Fundamentals of Linux (III)

Time:2022-1-7

[TOC]

Create py files in the directory and run them

OS module

In Python, there is a built-in library OS, which is a system interface library, operating system interfaces. When processing data and running scripts in Linux system, files and directories are often operated, so the OS library plays this role. The operation of files and directories with fixed logic can be written in the form of scripts.

Here are some common methods:

  1. getcwd

    Get current directory path

     [I have no [email protected] Ceallach_Shaw]$pwd
     /home/coggle/Ceallach_Shaw
     [I have no [email protected] Ceallach_Shaw]$vi os_test.py
    

    Create a new py file, introduce the OS module, and print the current path using the getcwd method. Note: VI is used here, so the method to exit saving is to exit the insert mode by ESC, switch to the command line mode, enter WQ, and press enter to save. (the use of VI in the following article will not be repeated. Students who forget will read the previous articleFundamentals of Linux (I)

    import os
    
    print(os.getcwd())

    On the command line, run the PY file, and the printed path is consistent with the current path.
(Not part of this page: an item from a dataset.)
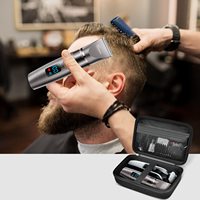 Étui de transport rigide pour cheveux de voyage de barbier pour organisateur de stockage de tondeuse avec sac de protection de brosse de nettoyage d'huile de lame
     [I have no [email protected] Ceallach_Shaw]$python3 os_test.py 
     
     /home/coggle/Ceallach_Shaw
  2. path.abspath(‘.’)

    .Represents the current path and views the absolute path of the current directory

    import os
    
    #print(os.getcwd())
    
    print(os.path.abspath('.'))

    Run py file:

    [I have no [email protected] Ceallach_Shaw]$python3 os_test.py 
    
    /home/coggle/Ceallach_Shaw

    Supplement:

    • “.” Indicates the current directory, or “. /”;
    • “..” Indicates the upper level directory or “.. /”;
    • “~” represents the user’s Host Directory;
    • “/” is at the top of the Linux file system tree structure. We call it the root of the Linux file system. It is the entry of the Linux file system (refer to the directory structure diagram in the previous article)Fundamentals of Linux (I)
  3. listdir(‘.’)

    List all files and directories in the current directory

    import os
    
    l=os.listdir('.')
    print(l)

    Fundamentals of Linux (III)

    If you only need to list all directories under the current directory (files are not required), add a condition after the for loop to judge whether it is a directoryif os.path.isdir(x)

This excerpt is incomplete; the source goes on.